Een voorbeeld is de tapijtbombardementen op Dresden. Maar daarnaast waren er ook Magdeburg (tot 90% van het grondgebied werd vernietigd), Stuttgart, Keulen (65%), Hamburg (45%), enz. Vaak vernietigden de Britten kleine steden die geen defensieve waarde hadden. Würzburg kan als een van die worden beschouwd.
Bommenwerpers verklaard door Amerikanen
In tegenstelling tot de Britten werden Amerikaanse vliegtuigen voornamelijk gebruikt om industriële installaties en transportcommunicatie te vernietigen. De keuze van objecten werd bepaald volgens de principes: de meest kwetsbare plek in de economie, de verhouding tussen kansen en behoeften, de locatie van ondernemingen, het percentage output, enz. Als gevolg hiervan werd overeenstemming bereikt over een lijst van objecten die bedoeld waren voor bombardementen. Het bestond uit 76 objecten.
De Amerikanen waren niet zo ijverig in het bombarderen als de Britten. En het gaat niet om menselijkheid of iets dergelijks. Alleen werden ze tijdens de tapijtbombardementen op industriële installaties in Darmstadt, Schweinfurt en Regensburg zo afgewezen dat ze een derde van hun vliegtuig verloren, waardoor de bemanningen van de rest van de machines in een echte staking gingen.
Het belangrijkste doel van de bombardementen op Duitse steden en ondernemingen was om de gunstigste voorwaarden te scheppen voor de daaropvolgendeGeallieerde invasie van Europa.
Tapijtbombardementen na de Tweede Wereldoorlog
De Amerikanen bleven de opgedane praktijk na de Tweede Wereldoorlog gebruiken. Een voorbeeld zijn de tapijtbombardementen op Noord-Vietnamese steden als Hanoi en Haiphong. Met de ontwikkeling van de luchtvaart en de vernietiging van bommen werden de gevolgen van dergelijke operaties steeds monsterlijker. Volgens het rapport over de bombardementen op Indochina, dat de Amerikaanse president B. Clinton in 2000 aan Vietnam overhandigde, werd alleen al op Cambodja ongeveer 3.000.000 (drie miljoen) ton aan verschillende bommen gedropt. Ongeveer 500 kg per inwoner van het land.
De Amerikanen zijn de tapijtbombardementen van vandaag niet vergeten.
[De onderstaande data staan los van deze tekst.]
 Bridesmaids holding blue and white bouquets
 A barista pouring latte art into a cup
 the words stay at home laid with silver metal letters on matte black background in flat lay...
In het bijzonder, om tegen ISIS te vechten, stuurt Washington B-52-vliegtuigen naar het Midden-Oosten. Ze zullen tapijtbombardementen moeten uitvoeren in Syrië en Irak. Ze zullen de B-1 strategische bommenwerpers vervangen die daar momenteel gestationeerd zijn.
Tapijtbombardementen in Rusland
Verschillende gevallen van tapijtbombardementen zijn gemeld in Afghanistan. De initiator en ontwikkelaar van deze strategie in de Sovjetluchtvaart was Dzhokhar Dudaev. Opgemerkt moet worden dat het in het bergachtige Afghanistan niet effectief bleek te zijn. Dushmans detecteerde vliegtuigen van ver en slaagde erin zich te verstoppen in verschillende grotten en andere plooien van het terrein.
In de laatste jaren van de oorlog toonde een bepaalde vervanger grote effectiviteit - puntbombardementen met bommen van groot kaliber. Het gebruik ervan deed letterlijk de kloven instorten, nietde Mujahideen een kans geven om te ontsnappen.
Er waren ook tapijtbombardementen in Tsjetsjenië. De vaardigheden die ze in Afghanistan hadden opgedaan, kwamen ook van pas in hun geboorteland. In het bijzonder is bekend dat er op 7 oktober 1999 tapijtbombardementen plaatsvonden vanaf grote hoogte in het dorp Elistanzhi. 34 mensen stierven, voornamelijk vrouwen en kinderen.
De strategie voor het bombarderen van tapijten wordt steeds beter. Waar het de volgende keer zal worden gebruikt, blijft een vraag.